From: Dan Williams <dan.j.williams@intel.com>
To: darrick.wong@oracle.com
Cc: Jan Kara <jack@suse.cz>,
linux-nvdimm@lists.01.org, linux-api@vger.kernel.org,
Dave Chinner <david@fromorbit.com>,
linux-kernel@vger.kernel.org, linux-xfs@vger.kernel.org,
linux-mm@kvack.org, Jeff Moyer <jmoyer@redhat.com>,
Alexander Viro <viro@zeniv.linux.org.uk>,
luto@kernel.org, linux-fsdevel@vger.kernel.org,
Ross Zwisler <ross.zwisler@linux.intel.com>,
Christoph Hellwig <hch@lst.de>
Subject: [PATCH v4 3/3] fs, xfs: introduce MAP_DIRECT for creating block-map-sealed file ranges
Date: Mon, 14 Aug 2017 23:12:22 -0700 [thread overview]
Message-ID: <150277754211.23945.458876600578531019.stgit@dwillia2-desk3.amr.corp.intel.com> (raw)
In-Reply-To: <150277752553.23945.13932394738552748440.stgit@dwillia2-desk3.amr.corp.intel.com>
MAP_DIRECT is an mmap(2) flag with the following semantics:
MAP_DIRECT
In addition to this mapping having MAP_SHARED semantics, successful
faults in this range may assume that the block map (logical-file-offset
to physical memory address) is pinned for the lifetime of the mapping.
Successful MAP_DIRECT faults establish mappings that bypass any kernel
indirections like the page-cache. All updates are carried directly
through to the underlying file physical blocks (modulo cpu cache
effects).
ETXTBSY is returned on attempts to change the block map (allocate blocks
/ convert unwritten extents / break shared extents) in the mapped range.

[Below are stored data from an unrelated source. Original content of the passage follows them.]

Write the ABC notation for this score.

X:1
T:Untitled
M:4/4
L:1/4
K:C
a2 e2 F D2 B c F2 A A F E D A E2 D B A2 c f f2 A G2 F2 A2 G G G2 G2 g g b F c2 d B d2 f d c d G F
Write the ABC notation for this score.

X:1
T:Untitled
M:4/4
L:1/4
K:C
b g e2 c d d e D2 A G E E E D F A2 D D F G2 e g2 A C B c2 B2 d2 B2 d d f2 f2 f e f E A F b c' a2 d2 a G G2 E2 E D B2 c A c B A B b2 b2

Some filesystems may extend these same restrictions outside the mapped
range and return ETXTBSY to any file operations that might mutate the
block map. MAP_DIRECT faults may fail with a SIGSEGV if the filesystem
needs to write the block map to satisfy the fault. For example, if the
mapping was established over a hole in a sparse file.
The kernel ignores attempts to mark a MAP_DIRECT mapping MAP_PRIVATE and
will silently fall back to MAP_SHARED semantics.
ERRORS
EACCES A MAP_DIRECT mapping was requested and PROT_WRITE was not set.

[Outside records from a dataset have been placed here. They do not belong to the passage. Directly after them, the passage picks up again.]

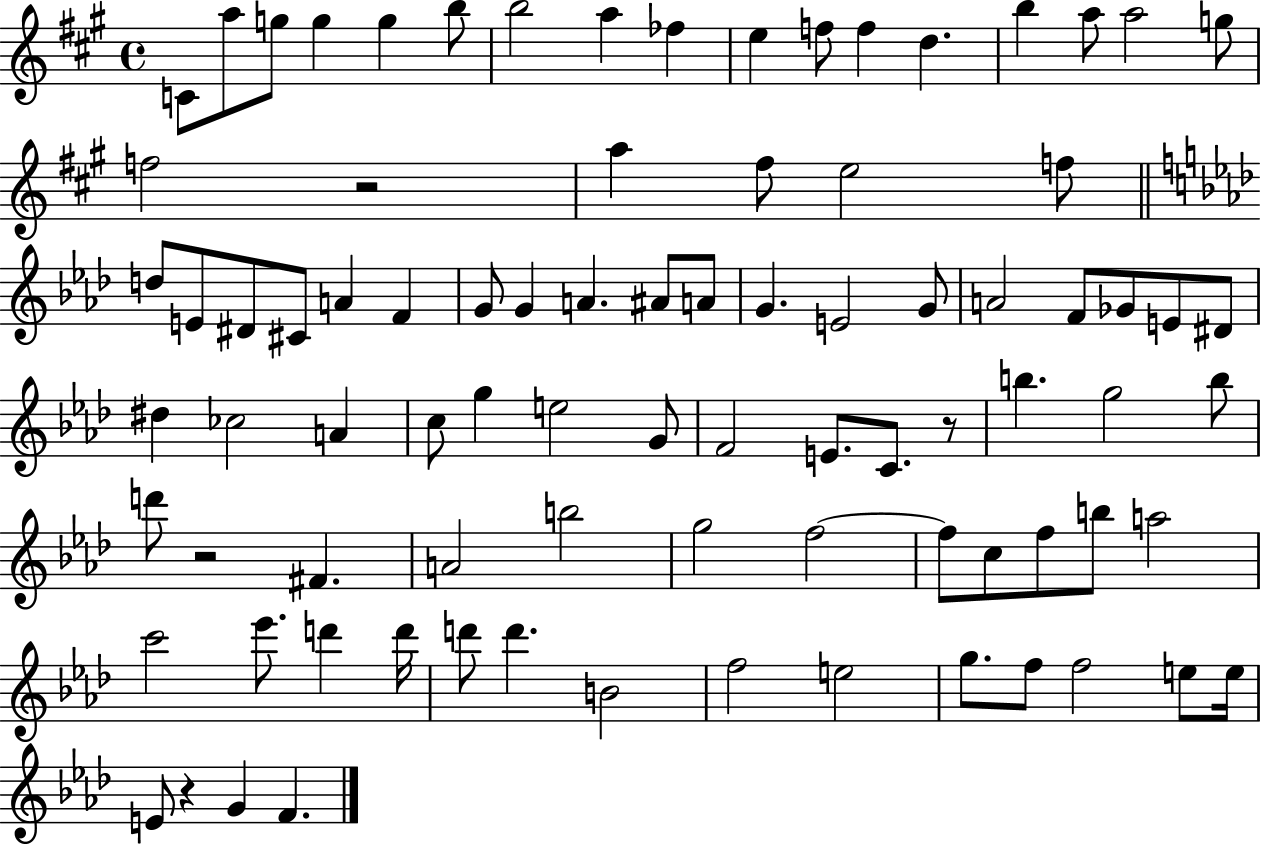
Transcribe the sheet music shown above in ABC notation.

X:1
T:Untitled
M:4/4
L:1/4
K:A
C/2 a/2 g/2 g g b/2 b2 a _f e f/2 f d b a/2 a2 g/2 f2 z2 a ^f/2 e2 f/2 d/2 E/2 ^D/2 ^C/2 A F G/2 G A ^A/2 A/2 G E2 G/2 A2 F/2 _G/2 E/2 ^D/2 ^d _c2 A c/2 g e2 G/2 F2 E/2 C/2 z/2 b g2 b/2 d'/2 z2 ^F A2 b2 g2 f2 f/2 c/2 f/2 b/2 a2 c'2 _e'/2 d' d'/4 d'/2 d' B2 f2 e2 g/2 f/2 f2 e/2 e/4 E/2 z G F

EINVAL MAP_ANONYMOUS was specified with MAP_DIRECT.
EOPNOTSUPP The filesystem explicitly does not support the flag
SIGSEGV Attempted to write a MAP_DIRECT mapping at a file offset that
might require block-map updates.
Cc: Jan Kara <jack@suse.cz>
Cc: Jeff Moyer <jmoyer@redhat.com>
Cc: Christoph Hellwig <hch@lst.de>
Cc: Dave Chinner <david@fromorbit.com>
Cc: Alexander Viro <viro@zeniv.linux.org.uk>
Cc: "Darrick J. Wong" <darrick.wong@oracle.com>
Cc: Ross Zwisler <ross.zwisler@linux.intel.com>
Signed-off-by: Dan Williams <dan.j.williams@intel.com>
---
fs/dax.c | 2 +
fs/xfs/xfs_file.c | 109 ++++++++++++++++++++++++++++++++
fs/xfs/xfs_inode.h | 1
fs/xfs/xfs_super.c | 1
include/linux/mm_types.h | 1
include/linux/mman.h | 2 -
include/uapi/asm-generic/mman-common.h | 1
mm/mmap.c | 2 +
8 files changed, 117 insertions(+), 2 deletions(-)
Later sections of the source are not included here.